Existing neural operators exhibit limited generalization when test inputs lie outside the training distribution—such as under novel initial conditions, unknown PDE coefficients, or unseen physical laws—hindering zero-shot transfer. This work proposes a test-time generalization approach that dynamically splits and recombines multiple pre-trained neural operators from a dictionary to approximate unseen physical dynamics without any fine-tuning. Built upon the DISCO framework, the method integrates test-time operator composition search with PDE parameter inversion, significantly enhancing zero-shot generalization on tasks involving parameter extrapolation and novel combinations of physical phenomena. It accurately recovers underlying PDE parameters and, for the first time, achieves zero-shot physical generalization without updating model weights.

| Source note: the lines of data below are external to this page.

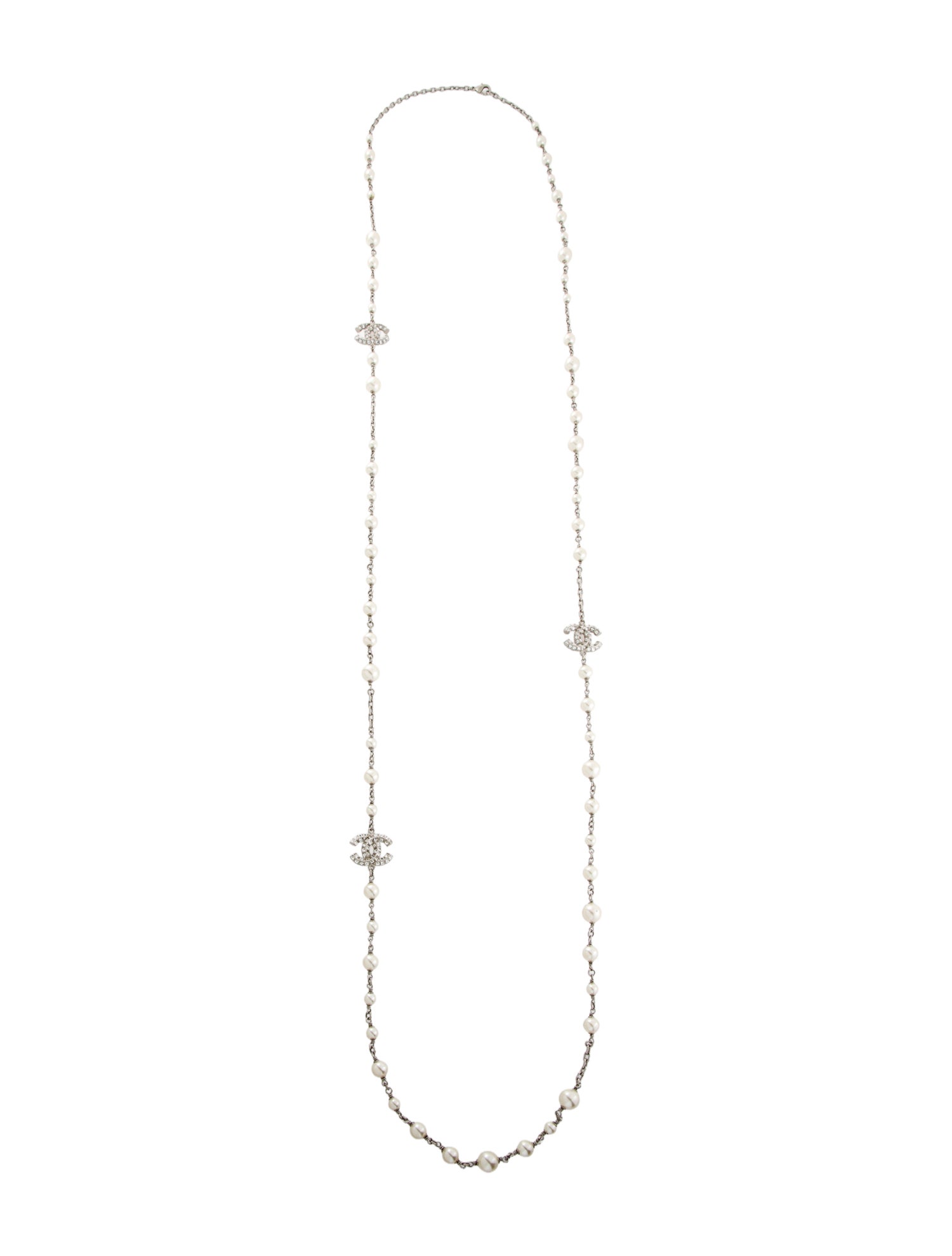 Chanel Faux Pearl & Strass CC Station Necklace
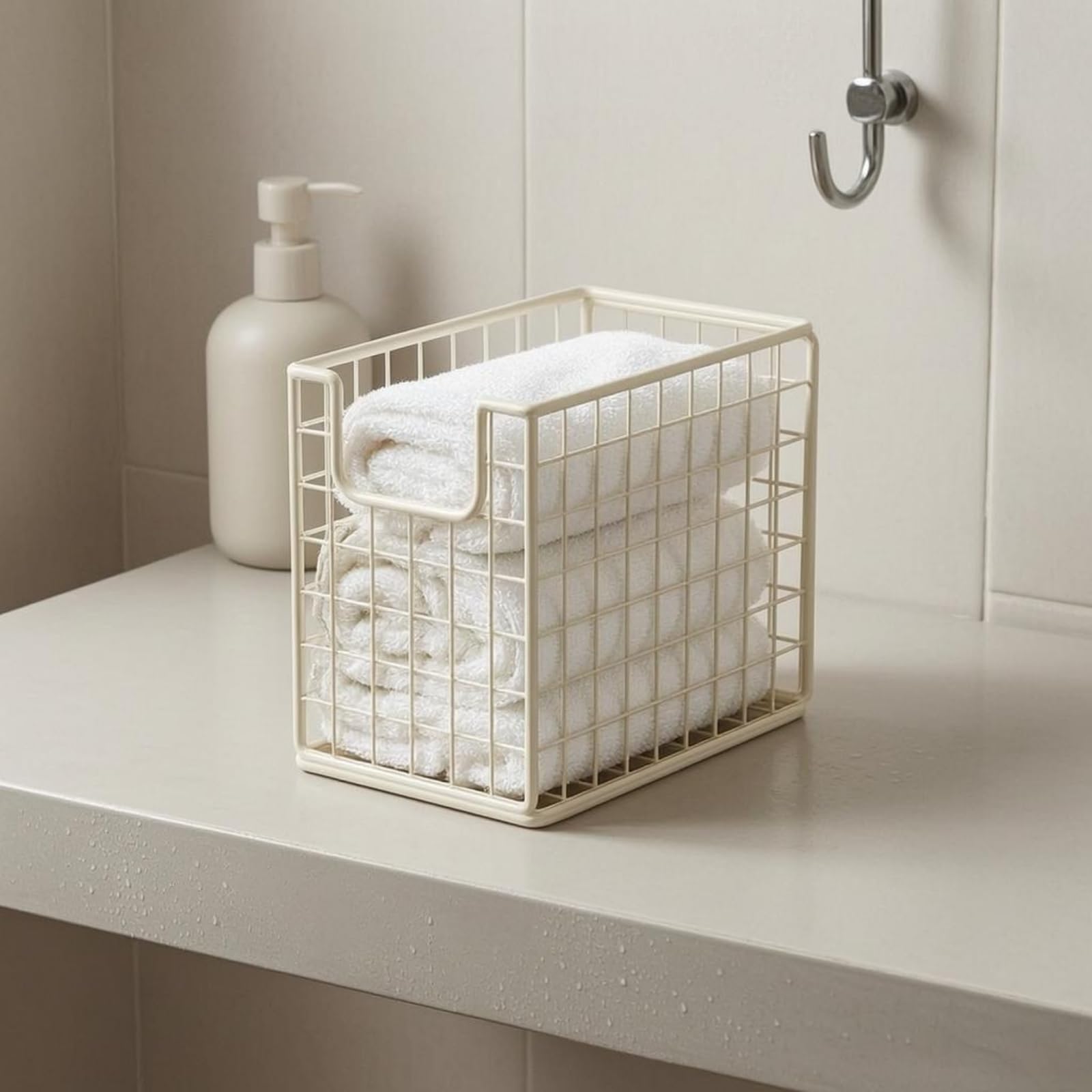 Cesto Rettangolare Metallico Struttura Aperta Cesto Griglia Design Industriale Contenitore Domestico per Pavimento, Nero, Senza Ruote
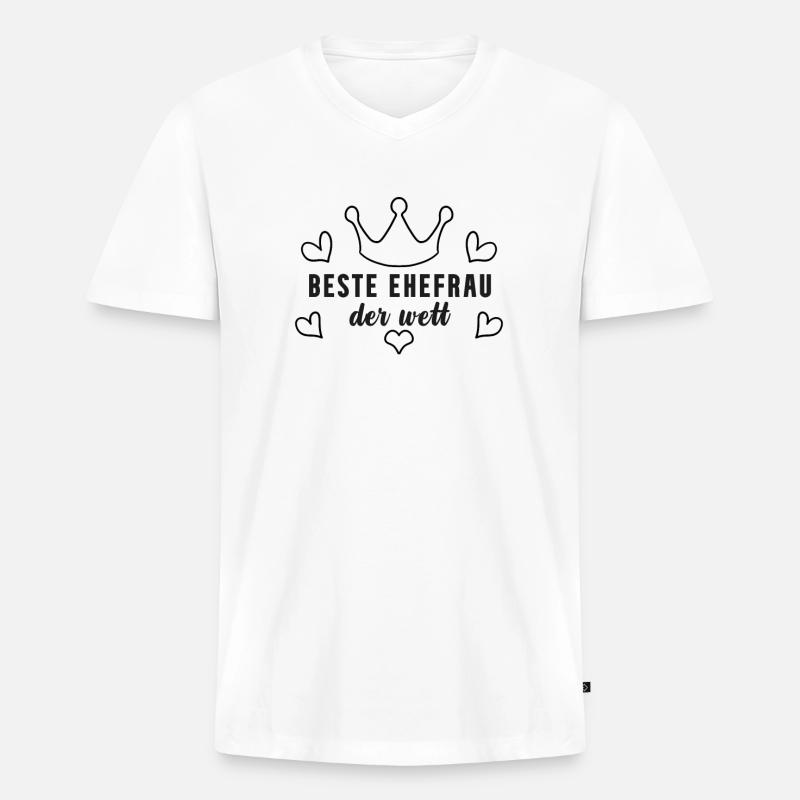 Beste Ehefrau Geschenk - Männer Premium Bio T-Shirt mit V-Ausschnitt - Weiß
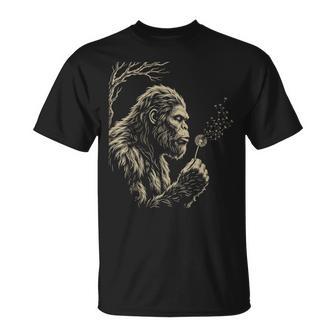 Blowing Wishes Bigfoot Dandelion Sasquatch Wish Men T-Shirt - Thegiftio UK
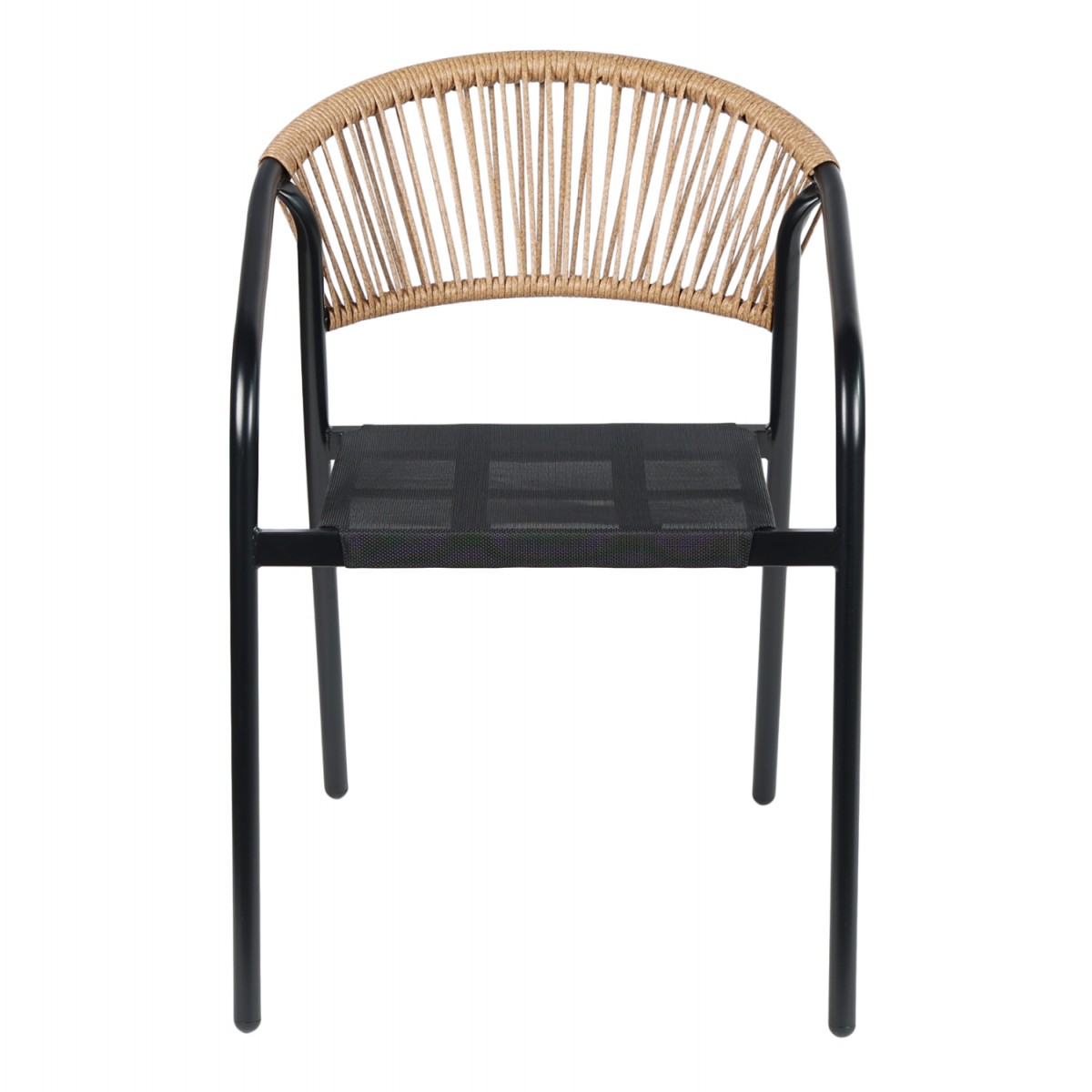 ΠΟΛΥΘΡΟΝΑ HOMAN HM6430.03 ΜΑΥΡΟ ΜΕΤΑΛΛΟ & TEXTILENE--ΜΠΕΖ P.E.RATTAN 53x58x75Υεκ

Neural operators have shown promise in learning solution maps of partial differential equations (PDEs), but they often struggle to generalize when test inputs lie outside the training distribution, such as novel initial conditions, unseen PDE coefficients or unseen physics. Prior works address this limitation with large-scale multiple physics pretraining followed by fine-tuning, but this still requires examples from the new dynamics, falling short of true zero-shot generalization. In this work, we propose a method to enhance generalization at test time, i.e., without modifying pretrained weights. Building on DISCO, which provides a dictionary of neural operators trained across different dynamics, we introduce a neural operator splitting strategy that, at test time, searches over compositions of training operators to approximate unseen dynamics. On challenging out-of-distribution tasks including parameter extrapolation and novel combinations of physics phenomena, our approach achieves state-of-the-art zero-shot generalization results, while being able to recover the underlying PDE parameters. These results underscore test-time computation as a key avenue for building flexible, compositional, and generalizable neural operators.